(PROVIDED INFORMATION Opens)
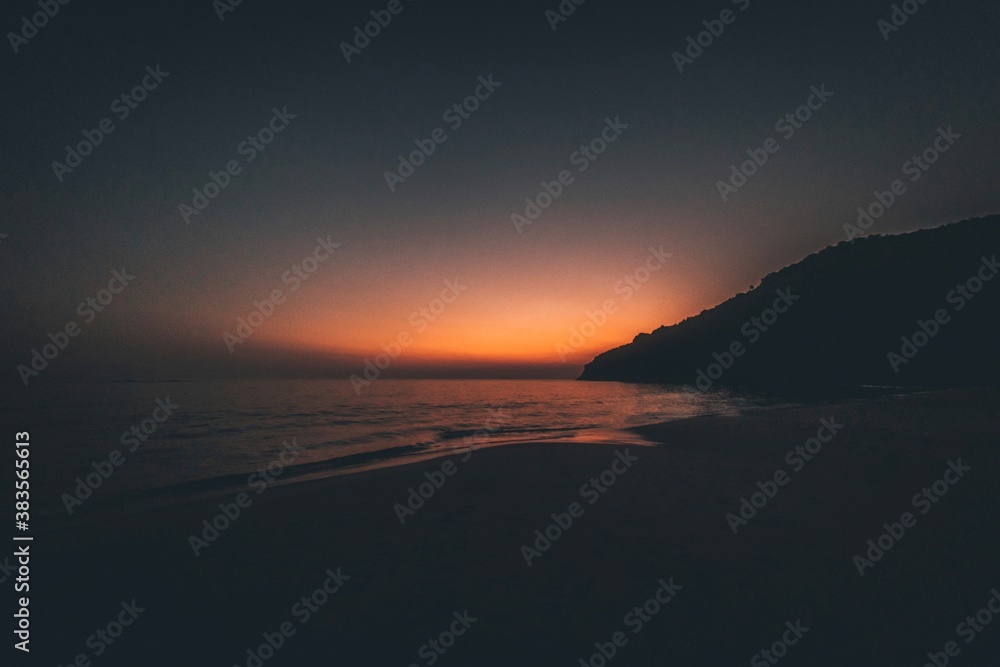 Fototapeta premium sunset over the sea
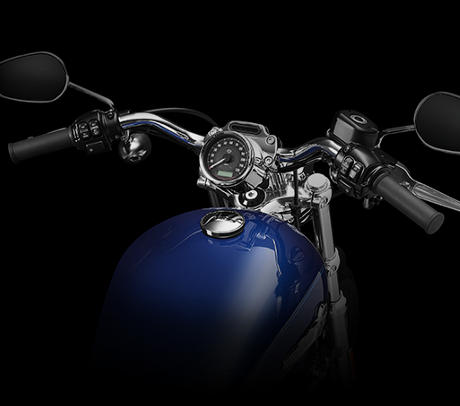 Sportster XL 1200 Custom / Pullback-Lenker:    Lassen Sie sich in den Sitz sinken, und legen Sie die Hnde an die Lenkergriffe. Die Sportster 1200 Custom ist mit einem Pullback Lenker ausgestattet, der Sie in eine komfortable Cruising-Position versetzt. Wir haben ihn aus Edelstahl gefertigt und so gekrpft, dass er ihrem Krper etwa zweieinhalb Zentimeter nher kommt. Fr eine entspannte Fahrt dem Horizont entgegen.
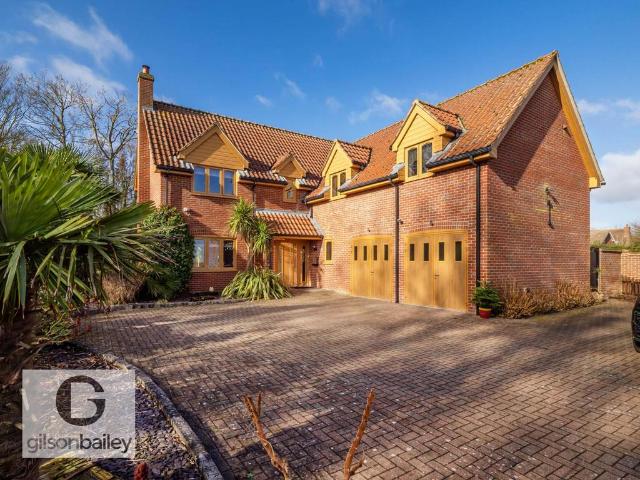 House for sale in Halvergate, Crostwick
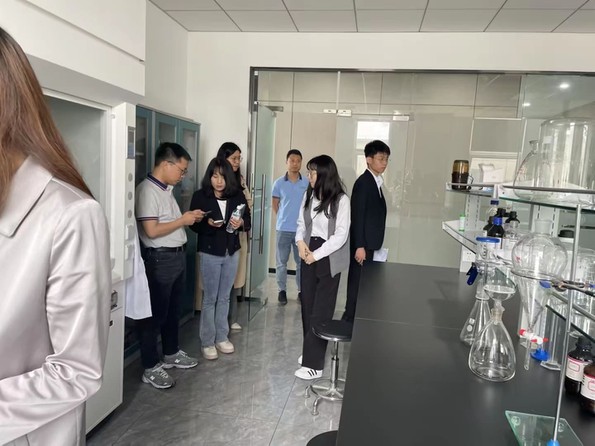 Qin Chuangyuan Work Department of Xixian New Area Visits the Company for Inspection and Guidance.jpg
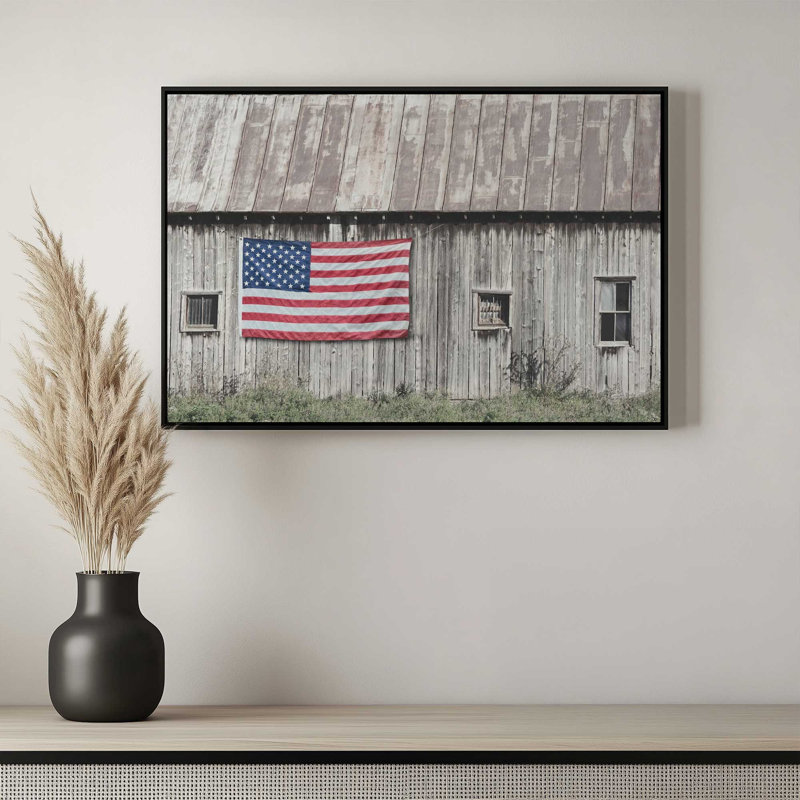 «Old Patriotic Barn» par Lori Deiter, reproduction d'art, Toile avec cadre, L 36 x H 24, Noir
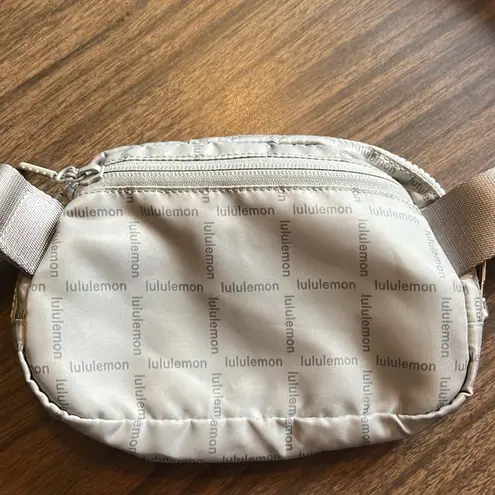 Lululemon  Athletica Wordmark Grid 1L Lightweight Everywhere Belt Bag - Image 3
(PROVIDED INFORMATION Closes)
▶ **WORK ORDER**
Skipping all images, print the data above a second time exactly.

▶ **RESULT OF THIS TASK**
 Fototapeta premium sunset over the sea
 Sportster XL 1200 Custom / Pullback-Lenker:    Lassen Sie sich in den Sitz sinken, und legen Sie die Hnde an die Lenkergriffe. Die Sportster 1200 Custom ist mit einem Pullback Lenker ausgestattet, der Sie in eine komfortable Cruising-Position versetzt. Wir haben ihn aus Edelstahl gefertigt und so gekrpft, dass er ihrem Krper etwa zweieinhalb Zentimeter nher kommt. Fr eine entspannte Fahrt dem Horizont entgegen.
 House for sale in Halvergate, Crostwick
 Qin Chuangyuan Work Department of Xixian New Area Visits the Company for Inspection and Guidance.jpg
 «Old Patriotic Barn» par Lori Deiter, reproduction d'art, Toile avec cadre, L 36 x H 24, Noir
 Lululemon  Athletica Wordmark Grid 1L Lightweight Everywhere Belt Bag - Image 3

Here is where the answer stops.